▸ Records for this task:

....................

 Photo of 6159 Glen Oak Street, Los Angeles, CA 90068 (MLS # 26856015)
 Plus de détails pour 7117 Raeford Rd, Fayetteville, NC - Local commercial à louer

....................

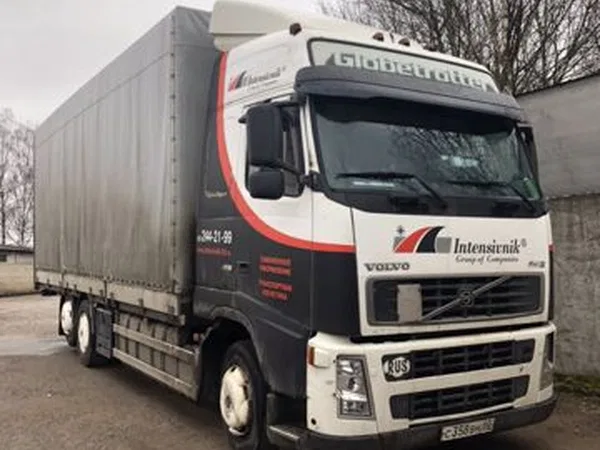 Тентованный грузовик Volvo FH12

....................

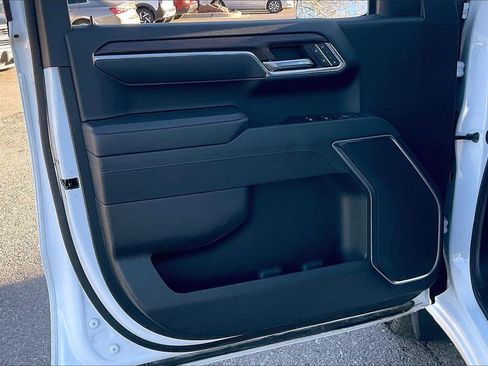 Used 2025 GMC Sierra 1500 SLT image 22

....................

▸ Task to complete:
Could you restate, word for word, the lines above from the one with "Photo of 6159" to the one with "Plus de détails", both included?

▸ Exercise response:
 Photo of 6159 Glen Oak Street, Los Angeles, CA 90068 (MLS # 26856015)
 Plus de détails pour 7117 Raeford Rd, Fayetteville, NC - Local commercial à louer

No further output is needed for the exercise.